2011. So I’d moved out again and into my own place where I still currently reside. Same employment situation but now I had finally thrown my hat into the ring and just joined the Liberal Democrats. I would be three weeks away from writing the blog post that announced this blog to a wider audience. However I see nothing of too much value or interest happening in my life at this point in 2011 so no swapping here.

2012. This was not a good time in my life. My dad had just passed away and I was fighting an election campaign that deep down I just wanted to get out of because my head was elsewhere. This is the biggest no to swapping years that I have come across on this little journey to how I saw life on this (or around this) date in the past ten years. I’d hate to go back to where I was at this point last year.

So in the ten years the only years I’d think about going back to would be the first two uni years as I wish I had made more of that experience and possibly 2008 as knowing what I know now I am pretty sure that I could have made that project far more of a success (and I have more self-confidence now than I did then) so instead of just seething at certain things I’d face them head-on and hopefully be able to change the direction that the project was heading in.

In those ten years from 2003 through 2012 there was just the one occasion (2003) where there was something going on in my personal life and in all honesty that had finished but I wasn’t aware of this at the time.
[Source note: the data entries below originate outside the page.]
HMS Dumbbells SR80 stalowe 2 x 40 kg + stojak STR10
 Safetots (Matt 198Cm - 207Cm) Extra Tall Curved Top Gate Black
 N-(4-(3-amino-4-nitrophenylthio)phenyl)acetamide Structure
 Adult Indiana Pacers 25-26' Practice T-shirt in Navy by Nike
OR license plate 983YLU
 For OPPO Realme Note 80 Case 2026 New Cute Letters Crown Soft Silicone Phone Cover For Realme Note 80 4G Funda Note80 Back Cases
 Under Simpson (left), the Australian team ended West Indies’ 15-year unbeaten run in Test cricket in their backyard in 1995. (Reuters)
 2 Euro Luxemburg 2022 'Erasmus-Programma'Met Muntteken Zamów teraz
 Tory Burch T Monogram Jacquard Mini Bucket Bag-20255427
April has not been a great month for my personal life (although as we all know no month has really been a stream of successes) but for the record I think December/January can hold the claim for best month on this front with both of them laying claim to three years where I’ve had some form of interest on that front in the past ten years.

What I think this shows is in the main I wouldn’t like to go back in time although I wouldn’t mind giving uni another go around and that project from mid 2007-early 2009 could have been so much better but such is life. On April 29 from 2003 to 2012 I lived at seven different addresses (although one of them was twice in two different stints) so I have gotten around a bit on that front but I have actually stayed put at my current location for just under three years now.

So all in all for this addition of ‘If I could go back to…would I?’ I think in general I’d say no, no I wouldn’t.